Recommendations on making emergency shelters more accessible:

  • Some cots should be available that are high enough for mobility impaired people to use comfortably and safely.

  • Be prepared to provide extra food and water to disabled people with service guide animals.

  • In neighborhoods where familiar landmarks are altered or missing due to an earthquake, some visually impaired people may need personal assistance to travel about.

  • Some people are non-vocal but still capable of thinking and making their needs known. Shelter staff need to be aware, patient and creative.

  • Avoid using outdoor areas that are muddy, sandy, or covered by thick grass.

  • Shelter personnel should know how to use the California Relay Service to make and receive phone calls with hearing and speech impaired individuals.

  • Permit people with mobility impairments the option of going to the head of long lines.

  • Train staff to realize that some people have the physical ability to ride buses, but do not have the cognitive ability to learn new routes established because of a disaster.

  • Train staff to know how to contact disability agencies, such as sign interpreter agencies and agencies that help families with at-risk infants with disabilities.

  • Train staff to realize that some service animals may temporarily not be able to provide their owners with service as fully effective as before the disaster.

  • Train staff about the difference between the medical model and the independence model of disability.
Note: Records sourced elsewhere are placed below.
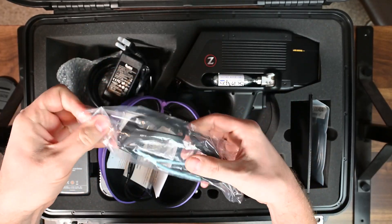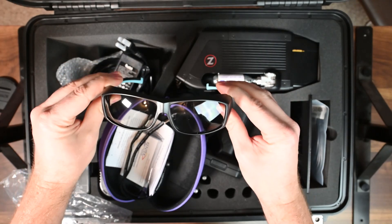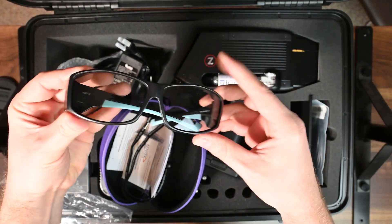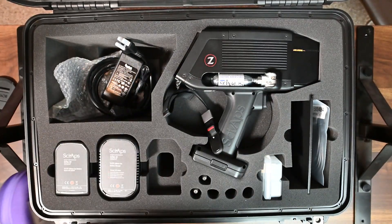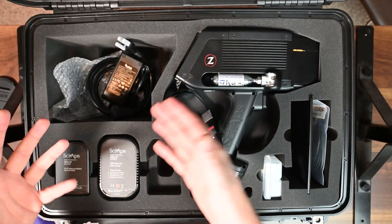These here are another important feature — the laser safety glasses. You can purchase more of these if you want, but it comes with one standard pair. These are designed for the specific wavelength of light that the laser emits in this unit.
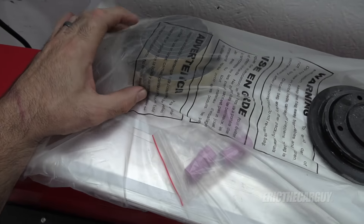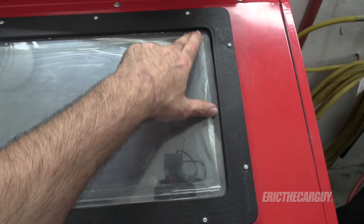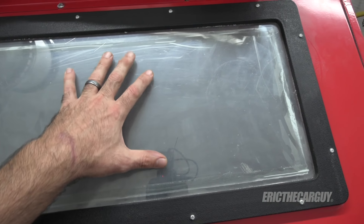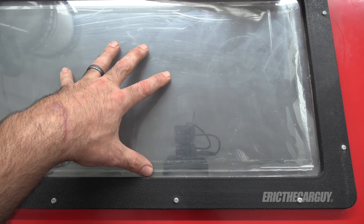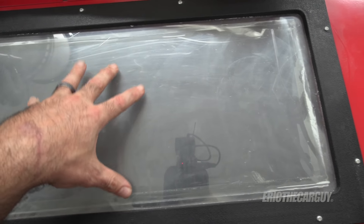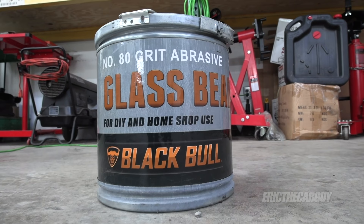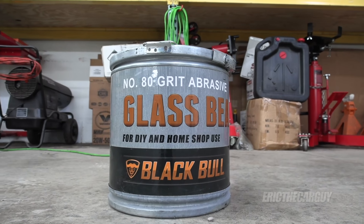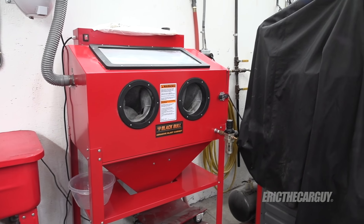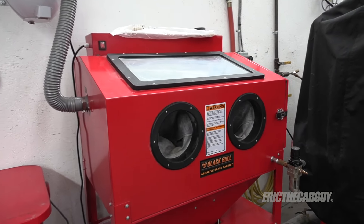My sandblaster also came with some extra sealing material and new — I don't necessarily want to call them tearaways — but on the inside there are just pieces of plastic that you can put over the inside of the cabinet and over the light shroud. When these get all fogged up from getting hit with abrasives over time, you can replace them and have a clear view. It's super important to be able to see what you're working on in here. The media I'm using is glass bead, 80 grit, also from J&B Tool Sales.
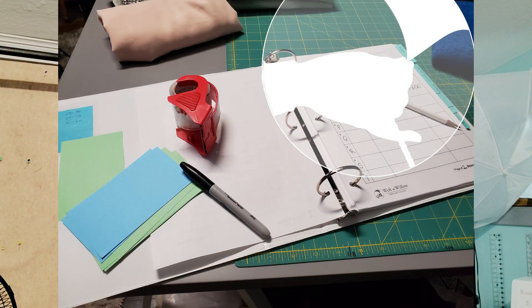Hi there. Welcome to Weft & Willow Fiber Arts Studio. I'm Rebecca. This is the second video in my series about organizing for creative success. I'm using my own studio as the format for these videos and for the Patreon, and I have created paperwork for you to follow along with me for your own space and your own projects.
Train staff not to see a disabled person as only a person needing medical services.

  • Shelters should have telephone books for the local area.

  • Shelters should have information about transportation resources and disability service agencies.

  • Disabled people and out-of-area emergency volunteers should not have to vie for hotel accommodations.

  • Portable telephones should be ordered that have volume controls.

  • Public phone stations need power sockets nearby to supply power to portable TDDs used by deaf, hearing impaired, and speech impaired people.

  • Train staff to know that even normal amounts of background noise may prevent a person with a hearing impairment from understanding spoken directions and instructions.

  • Train staff to know that some disabilities may give a person the appearance of intoxication.

  • Train staff to know that some disabilities in certain circumstances leads to disruptive behaviors; and to how to respond appropriately when such behaviors occur.

  • In the early days after a disaster, locations of shelters need to be well publicized so that family and friends can search more effectively for disabled people and vice versa.

  • Stock writing tablets and pencils for hearing impaired people to use.

  • At the accessible entrance to a shelter, have signage providing information about features of the shelter that are less than fully accessible.

  • Insure that the shelter's address is clearly visible from the nearby street.

  • The approach to outdoor toilets is free of stones, rubble, steps, tree roots, mud, and loose sand.

  • Stock simple tools and patch kits for repairing flat tires on wheelchairs.

  • Establish contact with local agencies that supply personal care attendants for people with disabilities.

  • Train staff to realize the large number of hard of hearing people and their needs.

  • All shelters need information boards with notices about announcements that disabled people may not hear or where not present when the announcements were made.